In the early 1960’s, the NBRC began using a two-part oral examination to evaluate the knowledge and competency of respiratory therapists. Since the oral exam was conducted live with each examinee facing four examiners (2 examiners in 2 separate rooms), the oral exam was not considered a truly “objective” exam. Many issues were raised in regard to the subjectivity and consistency of the testing method and exam results. In 1979, the oral exam was replaced with the current clinical simulation exam.
The clinical simulation examination (CSE) consists of two parts – information gathering (IG) and decision making (DM). Until the end of 2014, the candidate must pass both parts (each part has its own minimal passing score) of the same exam. If the candidate fails the IG or DM part of the CSE, he/she must re-take the entire CSE exam (both parts).

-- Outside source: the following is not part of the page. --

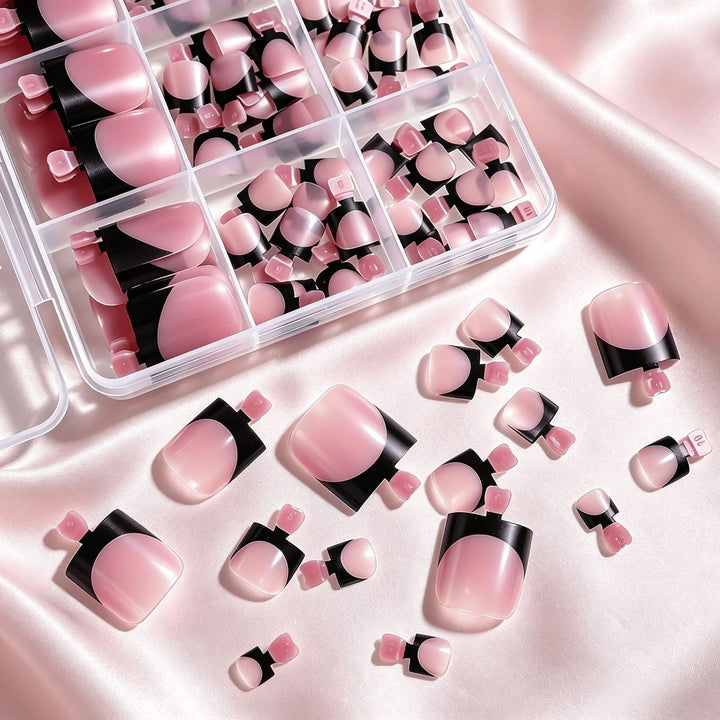 DIY pedicure kit with premium false toenails. Easy application press-on fake nails for foot beauty.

Starting in 2015, the Clinical Simulation Examination contains a total of 22 patient management problems (20 scored and 2 pretest problems). The time allowed is 4 hours (240 minutes) or about 10 minutes per problem. The IG and DM scores are combined with a single passing score. For example, one form of the 2015 CSE has a passing score of 72% (cut score 272 / maximum score 376).
In traditional written objective exams (e.g., multiple-choice), each correct answer earns one point. No points are deducted for incorrect answers. In the CSE, the total score is determined by “right minus wrong.” The points earned for selecting the correct answers are reduced by the points for incorrect answers. For example, if a candidate gets 8 correct choices and 3 incorrect choices in the “Information Gathering” section, 5 (8-3) points are earned for the section. In terms of testing strategy, it would be better to have 6 correct choices and 0 incorrect choices.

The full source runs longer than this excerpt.